▶ [REQUIRED ACTION]:
In the listing below, locate the line containing "Poppy seeds with" and the line containing "Empty twisted used". Output both of them and every line between, exactly as written, and nothing more.

▶ [RECORDS SHOWN]:
———
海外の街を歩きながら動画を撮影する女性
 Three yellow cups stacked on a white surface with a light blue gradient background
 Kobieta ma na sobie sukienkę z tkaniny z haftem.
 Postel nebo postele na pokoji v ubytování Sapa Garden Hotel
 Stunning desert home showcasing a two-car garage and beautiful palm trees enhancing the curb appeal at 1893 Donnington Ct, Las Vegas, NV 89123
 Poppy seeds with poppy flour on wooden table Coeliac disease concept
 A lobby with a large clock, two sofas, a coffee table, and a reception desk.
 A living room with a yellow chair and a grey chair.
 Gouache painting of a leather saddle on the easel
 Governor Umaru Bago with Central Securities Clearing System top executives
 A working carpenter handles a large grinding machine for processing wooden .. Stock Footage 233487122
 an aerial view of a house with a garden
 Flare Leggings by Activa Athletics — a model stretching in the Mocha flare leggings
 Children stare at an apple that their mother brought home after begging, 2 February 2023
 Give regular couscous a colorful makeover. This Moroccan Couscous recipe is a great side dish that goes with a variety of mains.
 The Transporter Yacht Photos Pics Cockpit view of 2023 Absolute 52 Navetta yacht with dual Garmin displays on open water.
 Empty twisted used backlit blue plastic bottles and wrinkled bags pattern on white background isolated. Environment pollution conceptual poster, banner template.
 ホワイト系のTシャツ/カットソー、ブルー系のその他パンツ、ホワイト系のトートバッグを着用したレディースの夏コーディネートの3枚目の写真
———
▶ [ANSWER FOR THE TASK]:
 Poppy seeds with poppy flour on wooden table Coeliac disease concept
 A lobby with a large clock, two sofas, a coffee table, and a reception desk.
 A living room with a yellow chair and a grey chair.
 Gouache painting of a leather saddle on the easel
 Governor Umaru Bago with Central Securities Clearing System top executives
 A working carpenter handles a large grinding machine for processing wooden .. Stock Footage 233487122
 an aerial view of a house with a garden
 Flare Leggings by Activa Athletics — a model stretching in the Mocha flare leggings
 Children stare at an apple that their mother brought home after begging, 2 February 2023
 Give regular couscous a colorful makeover. This Moroccan Couscous recipe is a great side dish that goes with a variety of mains.
 The Transporter Yacht Photos Pics Cockpit view of 2023 Absolute 52 Navetta yacht with dual Garmin displays on open water.
 Empty twisted used backlit blue plastic bottles and wrinkled bags pattern on white background isolated. Environment pollution conceptual poster, banner template.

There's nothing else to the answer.